--- Records to use ---

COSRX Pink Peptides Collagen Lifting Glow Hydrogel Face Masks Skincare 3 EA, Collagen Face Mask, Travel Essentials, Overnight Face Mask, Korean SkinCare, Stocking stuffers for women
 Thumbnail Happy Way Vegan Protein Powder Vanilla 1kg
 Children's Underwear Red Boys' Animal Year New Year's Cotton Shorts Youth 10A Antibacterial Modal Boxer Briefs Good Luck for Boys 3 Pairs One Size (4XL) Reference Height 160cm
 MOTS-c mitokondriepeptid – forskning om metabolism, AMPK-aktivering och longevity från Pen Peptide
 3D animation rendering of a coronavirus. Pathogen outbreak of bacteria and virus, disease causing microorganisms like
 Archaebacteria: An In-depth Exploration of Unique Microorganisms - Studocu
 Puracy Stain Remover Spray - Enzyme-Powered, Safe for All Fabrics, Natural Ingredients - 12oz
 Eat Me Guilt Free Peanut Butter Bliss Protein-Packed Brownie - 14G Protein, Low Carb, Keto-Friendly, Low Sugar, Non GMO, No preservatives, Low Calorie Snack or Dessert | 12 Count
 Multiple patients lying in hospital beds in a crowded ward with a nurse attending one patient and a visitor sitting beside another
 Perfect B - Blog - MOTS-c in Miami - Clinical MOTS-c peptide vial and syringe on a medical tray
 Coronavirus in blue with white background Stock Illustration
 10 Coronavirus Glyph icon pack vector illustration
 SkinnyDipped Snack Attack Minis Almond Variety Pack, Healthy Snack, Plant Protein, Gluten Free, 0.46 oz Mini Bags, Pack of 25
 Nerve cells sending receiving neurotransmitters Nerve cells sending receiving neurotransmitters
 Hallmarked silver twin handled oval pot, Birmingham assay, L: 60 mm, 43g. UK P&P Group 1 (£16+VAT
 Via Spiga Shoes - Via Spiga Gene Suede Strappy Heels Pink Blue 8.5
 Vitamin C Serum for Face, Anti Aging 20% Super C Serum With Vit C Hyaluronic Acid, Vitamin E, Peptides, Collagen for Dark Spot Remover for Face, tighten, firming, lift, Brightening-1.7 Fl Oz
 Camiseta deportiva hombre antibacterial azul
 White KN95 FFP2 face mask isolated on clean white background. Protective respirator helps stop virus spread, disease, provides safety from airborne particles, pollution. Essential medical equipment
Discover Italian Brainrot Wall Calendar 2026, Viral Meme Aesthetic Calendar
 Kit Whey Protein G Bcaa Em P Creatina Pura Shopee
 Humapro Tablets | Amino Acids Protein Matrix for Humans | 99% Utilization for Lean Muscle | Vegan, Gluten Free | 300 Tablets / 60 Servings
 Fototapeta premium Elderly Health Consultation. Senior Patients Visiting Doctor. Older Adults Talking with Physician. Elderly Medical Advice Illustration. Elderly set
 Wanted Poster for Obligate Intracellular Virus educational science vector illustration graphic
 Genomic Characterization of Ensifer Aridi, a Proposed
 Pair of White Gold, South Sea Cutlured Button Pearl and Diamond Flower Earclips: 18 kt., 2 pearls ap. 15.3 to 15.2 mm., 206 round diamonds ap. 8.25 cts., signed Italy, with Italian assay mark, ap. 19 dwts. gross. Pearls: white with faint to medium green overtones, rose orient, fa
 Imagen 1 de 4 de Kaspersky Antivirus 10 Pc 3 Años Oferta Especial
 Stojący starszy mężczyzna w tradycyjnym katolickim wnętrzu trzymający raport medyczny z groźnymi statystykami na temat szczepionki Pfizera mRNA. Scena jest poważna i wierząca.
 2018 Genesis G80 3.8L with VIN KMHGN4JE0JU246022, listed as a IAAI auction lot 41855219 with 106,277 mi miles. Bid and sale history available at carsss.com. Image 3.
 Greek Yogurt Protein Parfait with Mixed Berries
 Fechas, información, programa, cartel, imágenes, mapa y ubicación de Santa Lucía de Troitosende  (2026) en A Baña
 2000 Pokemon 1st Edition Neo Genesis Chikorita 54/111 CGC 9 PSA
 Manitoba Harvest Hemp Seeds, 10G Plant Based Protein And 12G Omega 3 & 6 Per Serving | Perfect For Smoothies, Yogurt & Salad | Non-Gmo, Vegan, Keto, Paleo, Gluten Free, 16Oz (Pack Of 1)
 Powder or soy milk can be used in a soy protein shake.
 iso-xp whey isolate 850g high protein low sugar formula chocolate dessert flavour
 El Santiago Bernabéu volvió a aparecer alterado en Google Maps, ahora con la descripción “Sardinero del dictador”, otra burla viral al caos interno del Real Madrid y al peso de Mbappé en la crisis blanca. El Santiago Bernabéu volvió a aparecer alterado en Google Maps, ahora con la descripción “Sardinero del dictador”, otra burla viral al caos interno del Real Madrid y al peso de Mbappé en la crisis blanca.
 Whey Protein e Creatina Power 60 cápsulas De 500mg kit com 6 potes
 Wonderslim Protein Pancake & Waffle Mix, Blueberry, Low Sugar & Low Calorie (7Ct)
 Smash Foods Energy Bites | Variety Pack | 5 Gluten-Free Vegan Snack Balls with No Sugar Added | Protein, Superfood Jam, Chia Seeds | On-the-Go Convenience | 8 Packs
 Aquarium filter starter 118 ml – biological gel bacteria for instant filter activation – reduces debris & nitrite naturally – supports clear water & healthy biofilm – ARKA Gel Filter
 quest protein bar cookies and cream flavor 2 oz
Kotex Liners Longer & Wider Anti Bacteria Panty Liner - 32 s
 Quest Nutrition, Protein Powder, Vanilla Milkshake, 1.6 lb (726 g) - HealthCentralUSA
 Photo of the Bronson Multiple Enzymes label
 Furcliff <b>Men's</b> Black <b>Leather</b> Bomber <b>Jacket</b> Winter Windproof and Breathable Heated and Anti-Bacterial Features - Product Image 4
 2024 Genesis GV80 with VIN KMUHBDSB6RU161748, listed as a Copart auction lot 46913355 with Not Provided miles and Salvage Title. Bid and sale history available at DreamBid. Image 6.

---

Task directions: When you reach the line containing "Multiple patients lying" in the data above, start copying exactly, and stop after the line containing "Nerve cells sending receiving neurotransmitters Nerve".

Reply:
 Multiple patients lying in hospital beds in a crowded ward with a nurse attending one patient and a visitor sitting beside another
 Perfect B - Blog - MOTS-c in Miami - Clinical MOTS-c peptide vial and syringe on a medical tray
 Coronavirus in blue with white background Stock Illustration
 10 Coronavirus Glyph icon pack vector illustration
 SkinnyDipped Snack Attack Minis Almond Variety Pack, Healthy Snack, Plant Protein, Gluten Free, 0.46 oz Mini Bags, Pack of 25
 Nerve cells sending receiving neurotransmitters Nerve cells sending receiving neurotransmitters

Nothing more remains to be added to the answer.